Custom Relu function slower than normal?

I am trying to make a Custom Relu function that just doesn’t apply the relu to the gradient. The code is as follows:

class reluForward(torch.autograd.Function):
def forward(self, inp):
#option1:
#return = inp * (inp>0).float()
#option2:
#return F.relu(inp).data
#option3:
return F.relu(inp)
def backward(self, grad_out):
return grad_out

Option 1 and 2 both perform the correct function but are significantly slower than the built in nn.relu function (actually starting ok and then getting slower and slower as it runs) while option 3 tells me “data must be a Tensor.” Looking for any ideas for the slowdown or a different way to do this!

Edit: I have also now tried with return inp.clamp(min=0) which also works with the slowdown.

Got it! Don’t know why this would cause a problem, but I was declaring self.reluForwarder = reluForward() in the Module’s init.
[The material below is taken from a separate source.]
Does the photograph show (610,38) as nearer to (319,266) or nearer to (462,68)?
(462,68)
Moving it to just be reluForwarder = reluForward() in the forward function seems to make it work at the same speed as regular relu.
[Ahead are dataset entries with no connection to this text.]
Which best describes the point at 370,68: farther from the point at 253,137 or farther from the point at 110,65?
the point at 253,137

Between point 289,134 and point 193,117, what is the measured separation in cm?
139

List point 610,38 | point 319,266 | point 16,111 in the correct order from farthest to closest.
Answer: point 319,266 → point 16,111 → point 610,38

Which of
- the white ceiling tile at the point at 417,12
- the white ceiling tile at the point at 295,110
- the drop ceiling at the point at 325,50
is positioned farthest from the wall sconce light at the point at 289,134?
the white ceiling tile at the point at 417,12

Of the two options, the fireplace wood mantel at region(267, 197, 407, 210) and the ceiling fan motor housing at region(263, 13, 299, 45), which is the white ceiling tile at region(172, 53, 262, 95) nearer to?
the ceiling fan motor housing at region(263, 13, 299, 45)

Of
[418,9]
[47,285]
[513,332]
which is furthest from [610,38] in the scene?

To avoid this mistake, you should keep in mind that a Function is not an nn.Module and should be used only once.
Also, for better performance, you should use the new style functions as follow:

class reluForward(torch.autograd.Function):
  @staticmethod
  def forward(self, inp):
    #option1:
    #return = inp * (inp>0).float()
    #option2:
    #return F.relu(inp).data
    #option3:
    return F.relu(inp)

  @staticmethod
  def backward(self, grad_out):
    return grad_out

# To use it:
inp = Variable(torch.rand(10, 10))
out = reluForward.apply(inp) # Use the class here, not an instance of it !